The ability to squint and focus - what is it called and is it used in optics? Most people that wear glasses or contacts can squint to reduce the blurriness of their vision.
How can this be explained, and has it ever been used in optics to enhance the focus or clarity of an image?
 A: As far as the second part of your question is concerned you can directly see the image improvement with squinting. If you have a DSLR with aperture settings you keep the camera slightly defocused and now reduce the aperture you will see that the image is becoming sharper. However at the same time the image will become darker because you are collecting less and less light. 
The sharpness of image comes from the increase in so called depth of focus of the lens. Due to reduction in the collection efficiency this method is not well suited for the practical applications.
With the reduction in aperture you will also reduce various aberrations of the lens which will again improve the image quality. 
A: EDIT Please see the comments following my answer, regarding the paragraph below , as it is incorrect. 
Strabismus is the clinical name for squinting. The squint is simply compression  of the eye muscles to compensate for problems with focusing and / or astigmatism. 
END EDIT 
In a somewhat similiar way, telescopes using adaptive optics can distort the primary mirror to allow for distortion due to atmospheric turbulence.  Computer controlled jacks distort the mirror to achieve the best possible image, as illustrated in the diagram at the bottom of this answer.

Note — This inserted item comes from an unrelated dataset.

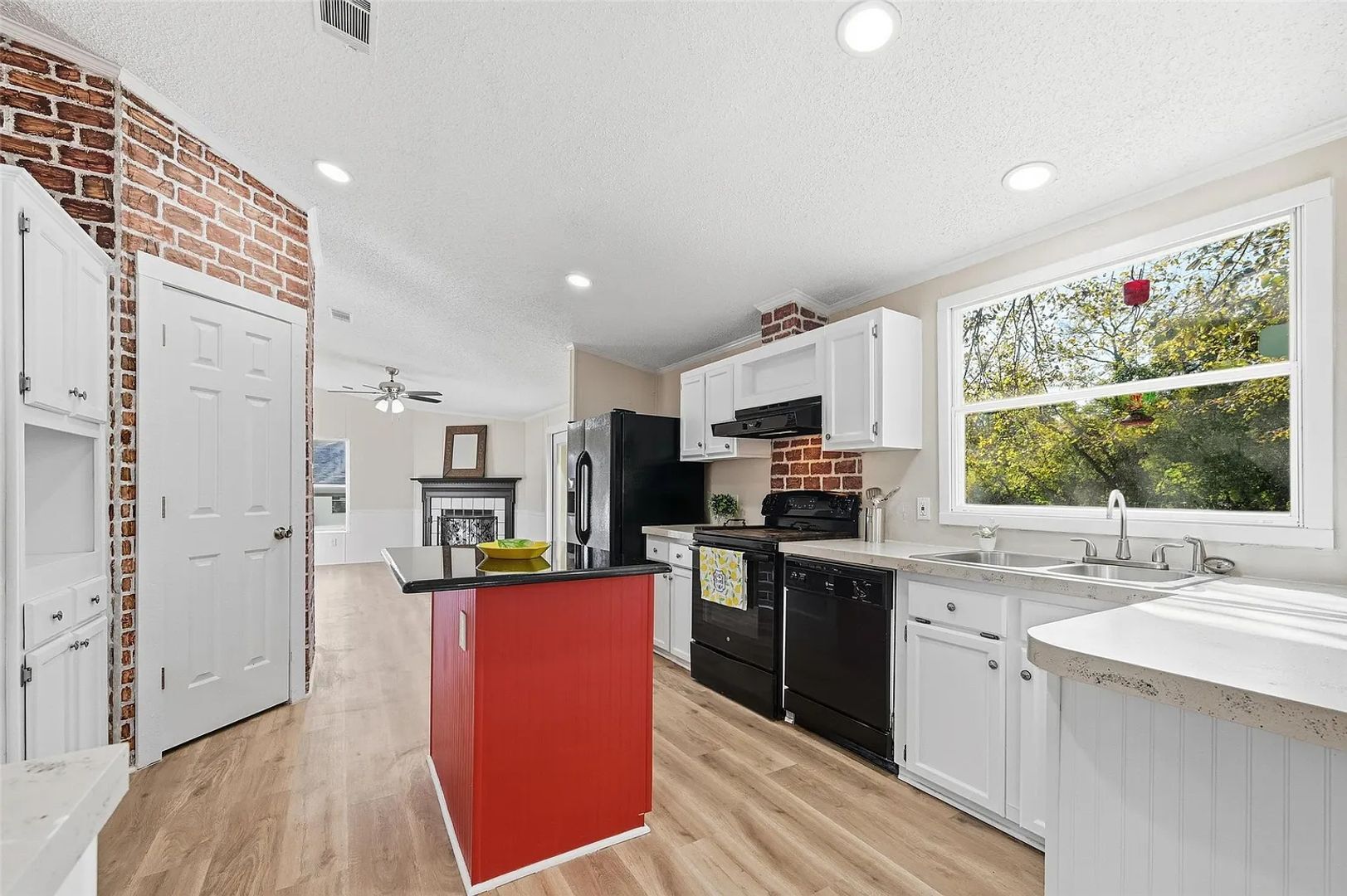 Building Photo - 2645 Bryant St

A laser beam is used as a guide to the amount of turbulence in the upper atmosphere.
The efficiency  of the system is shown below.

From Wikipedia Adaptive Optics

An adaptive optics system tries to correct these distortions, using a wavefront sensorwhich takes some of the astronomical light, a deformable mirror that lies in the optical path, and a computer that receives input from the detector. The wavefront sensor measures the distortions the atmosphere has introduced on the timescale of a few milliseconds; the computer calculates the optimal mirror shape to correct the distortions and the surface of the deformable mirror is reshaped accordingly. For example, an 8–10 m telescope (like the VLT or Keck) can produce AO-corrected images with an angular resolution of 30–60 milliarcsecond (mas) resolution at infrared wavelengths, while the resolution without correction is of the order of 1 arcsecond.